_Your instructions:_ Using the listing below, set down exactly the lines from the one that contains "Hello everyone, and" through the one that contains "Say now that", with no pictures.

_Material provided:_
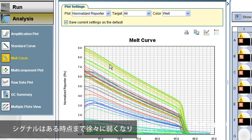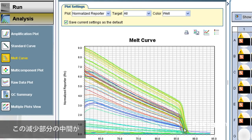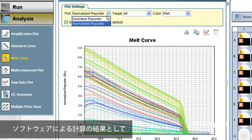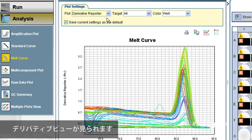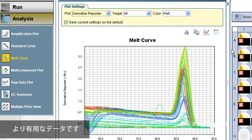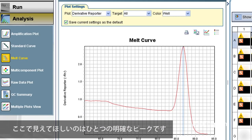The signal drops slowly until at some point it drops off suddenly to zero. Halfway down this drop-off is the presumed melting temperature of the product created during PCR. If you choose the derivative view from the drop-down menu, the drop-off gets converted into a peak.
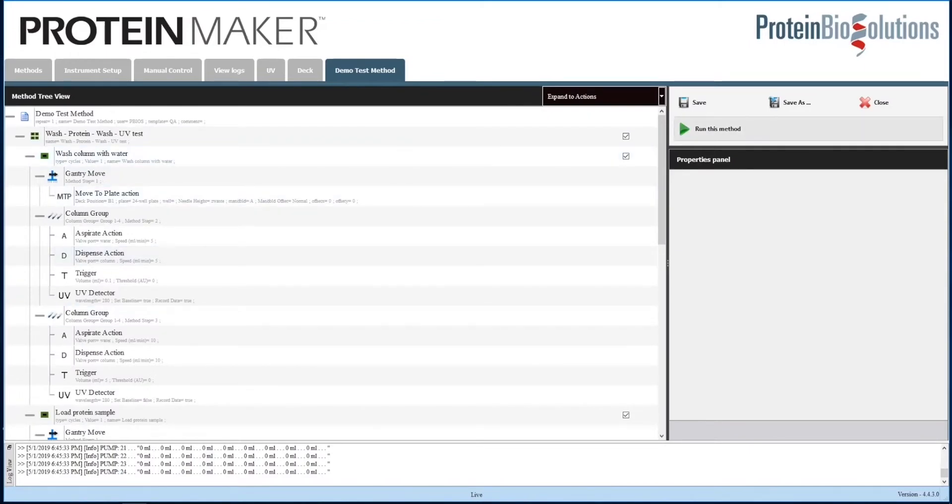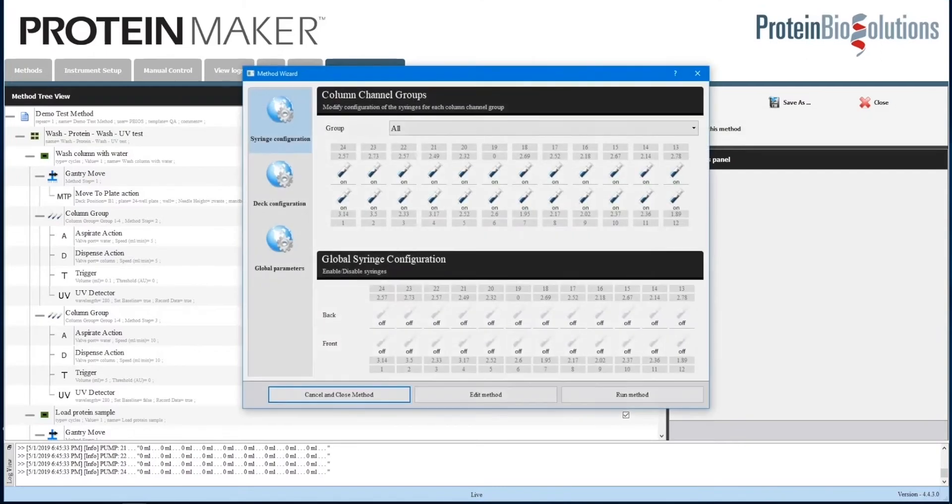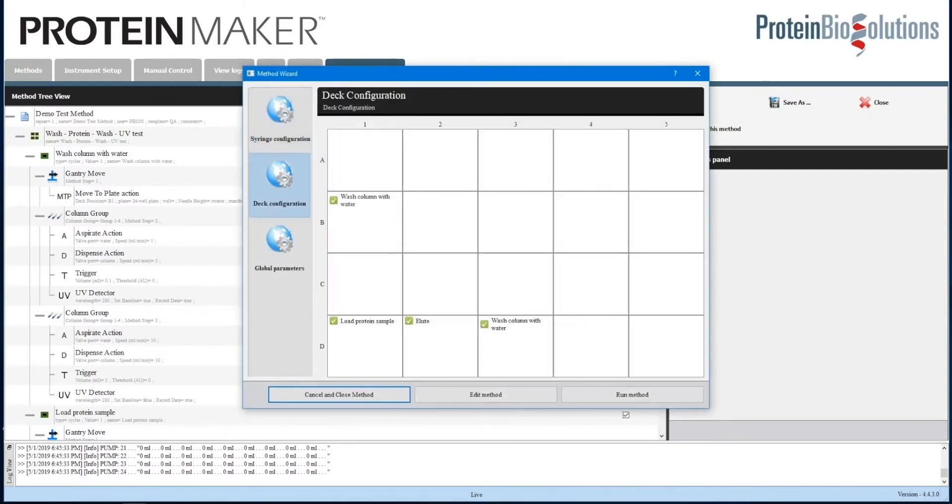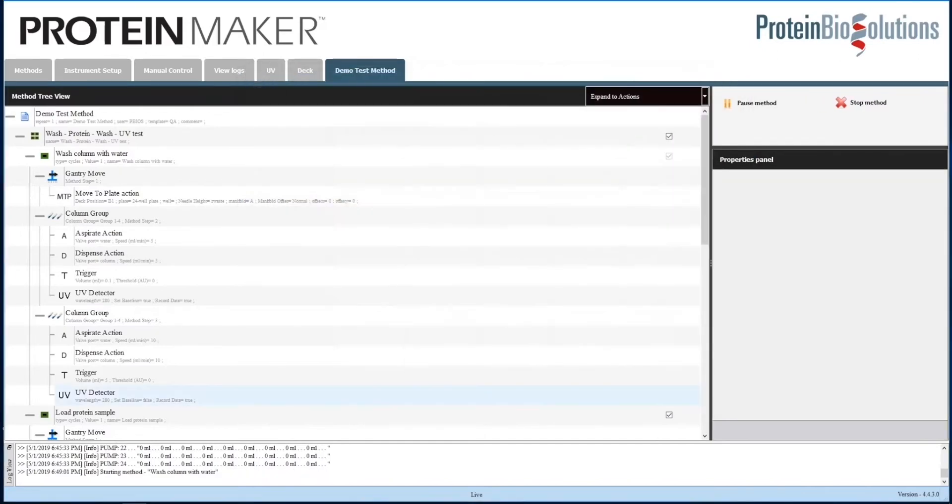When you click Run, the method wizard comes up. It's really helpful to look at the Deck Configuration tab, which shows you what will happen at each plate position, and reminds you which positions will be used.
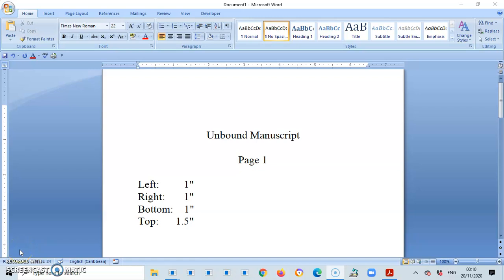Hello everyone, and welcome back to another video. Today I'm going to show you how to set your margins before you start typing a manuscript.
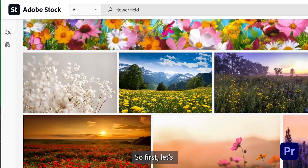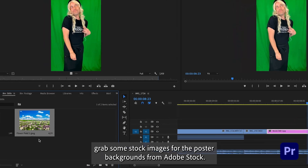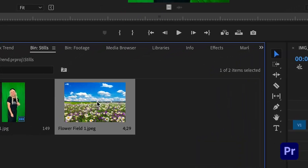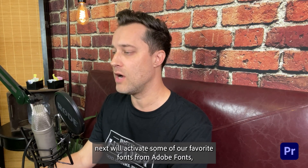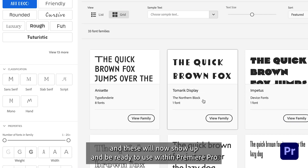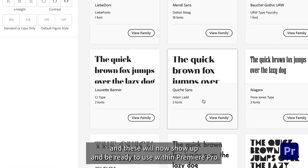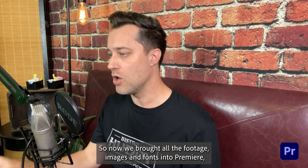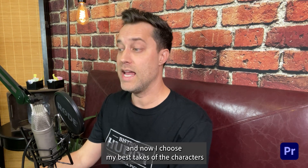First, let's grab some stock images for the poster backgrounds from Adobe Stock. Next, we'll activate some of our favorite fonts from Adobe Fonts — these will now show up and be ready to use within Premiere Pro. So now we've brought all the footage, images, and fonts into Premiere.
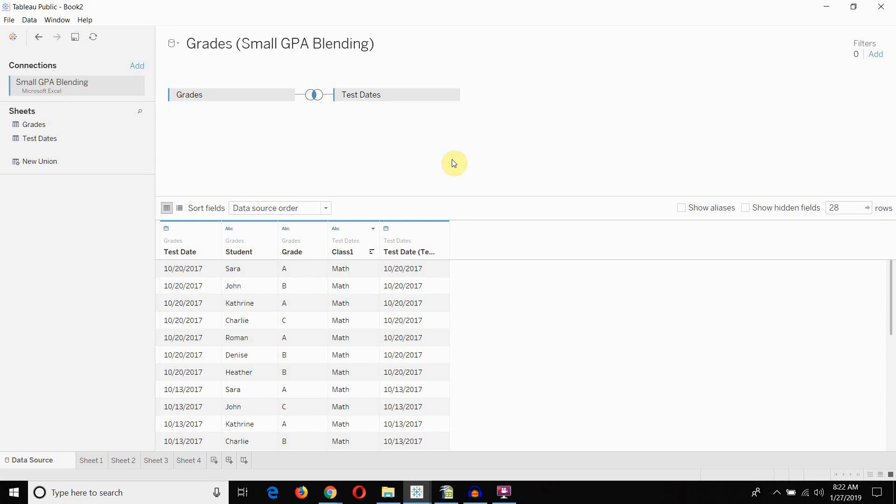So that does it for this episode of Tableau in Two Minutes. If you have any questions, then please leave them in the comments. As always, there is a link to the workbook and to the data set in the video description. And if you like what you hear and you like more Tableau tips and tricks, then please hit subscribe. And we will see you next time.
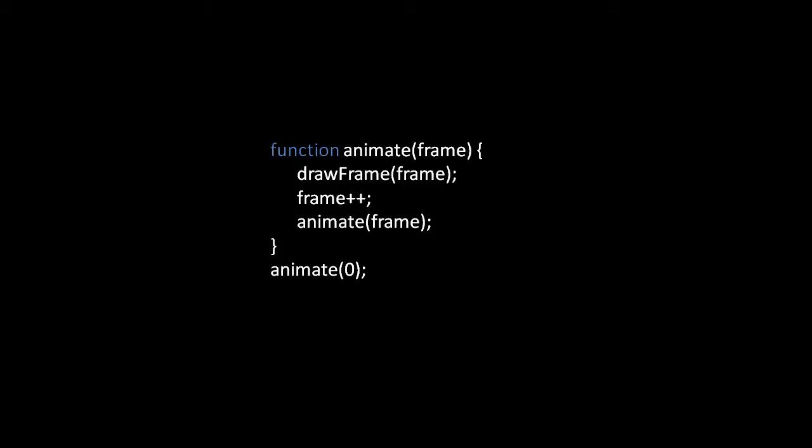Say now that you want to animate your canvas. One way of going about this is to create a function like animate here. Animate takes one argument and that is the number of the frame at which to start drawing.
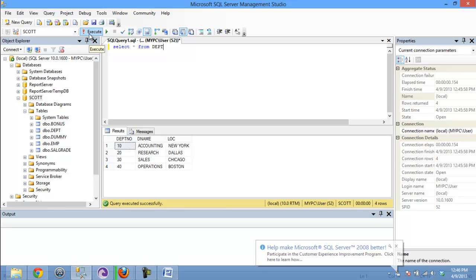And there you have it. The query has been executed successfully, and all of the data is being displayed in the Results section over here.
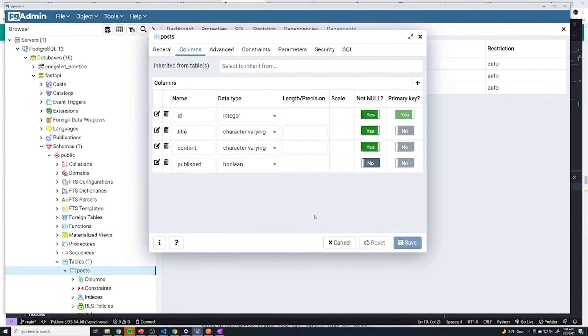In the next video, the one thing we need to change is adding the created_at column, so we'll tackle that in the next video.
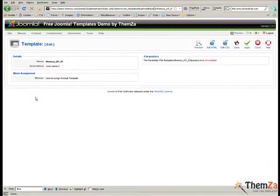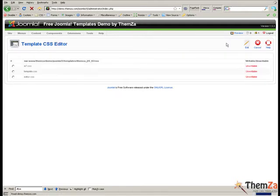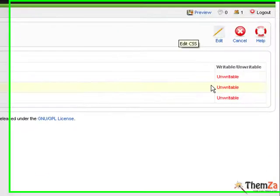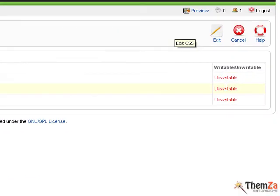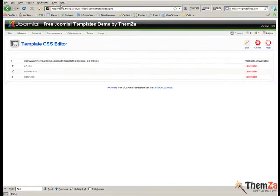You will now need to click the Edit CSS button in the top right corner. First, check to see if you have permission to edit the template. If it says 'unwritable' for the template CSS file, then you do not have any editing rights.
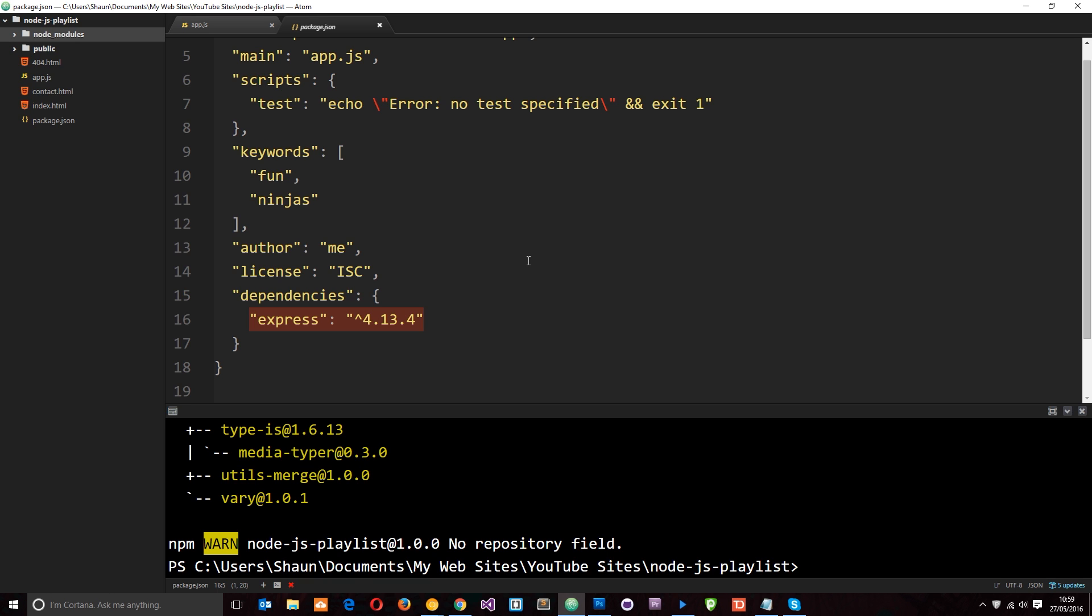So that is the package.json file. And that is how we use it to keep track of our packages that we use. Any questions, leave a comment down below. Otherwise, guys, I'm going to see you in the very next tutorial.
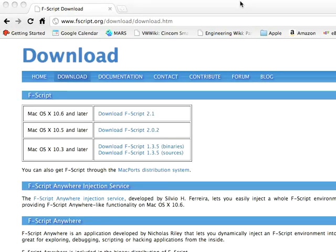Welcome to another edition of Smalltalk for You. This morning we're going to take a look at F-Script, which is a Smalltalk-ish implementation for scripting on OS X.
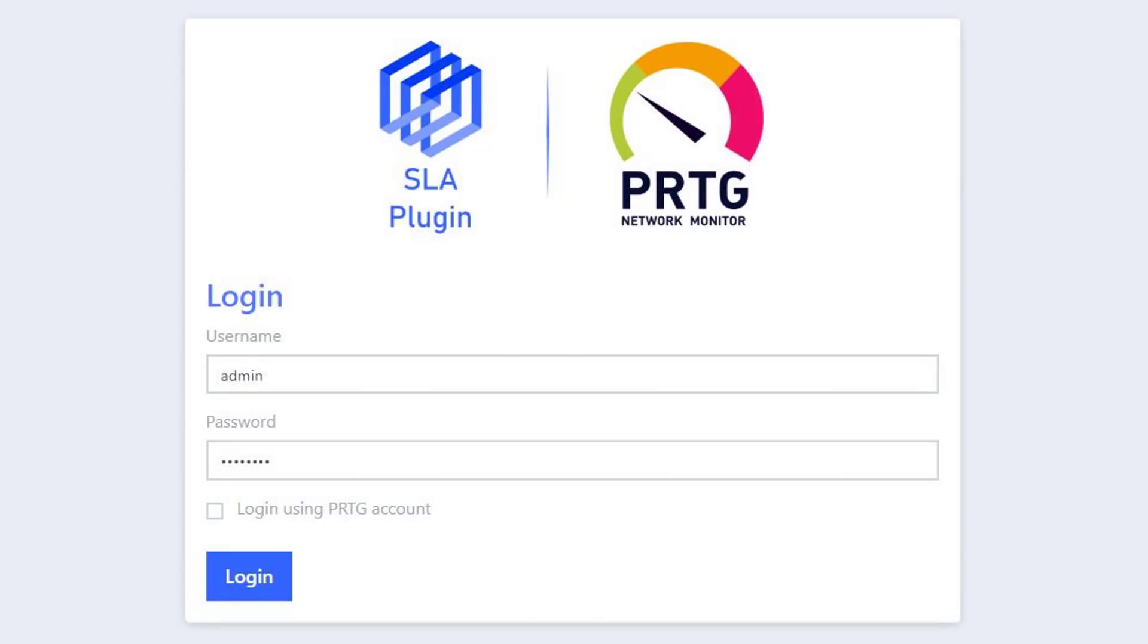Hi, I'm Andrew and this is a short presentation of the PRTG SLA plugin that we've developed and support here at ITPS.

_Response:_
Hello everyone, and welcome back to another video. Today I'm going to show you how to set your margins before you start typing a manuscript.
First, let's grab some stock images for the poster backgrounds from Adobe Stock. Next, we'll activate some of our favorite fonts from Adobe Fonts — these will now show up and be ready to use within Premiere Pro. So now we've brought all the footage, images, and fonts into Premiere.
So that does it for this episode of Tableau in Two Minutes. If you have any questions, then please leave them in the comments. As always, there is a link to the workbook and to the data set in the video description. And if you like what you hear and you like more Tableau tips and tricks, then please hit subscribe. And we will see you next time.
Say now that you want to animate your canvas. One way of going about this is to create a function like animate here. Animate takes one argument and that is the number of the frame at which to start drawing.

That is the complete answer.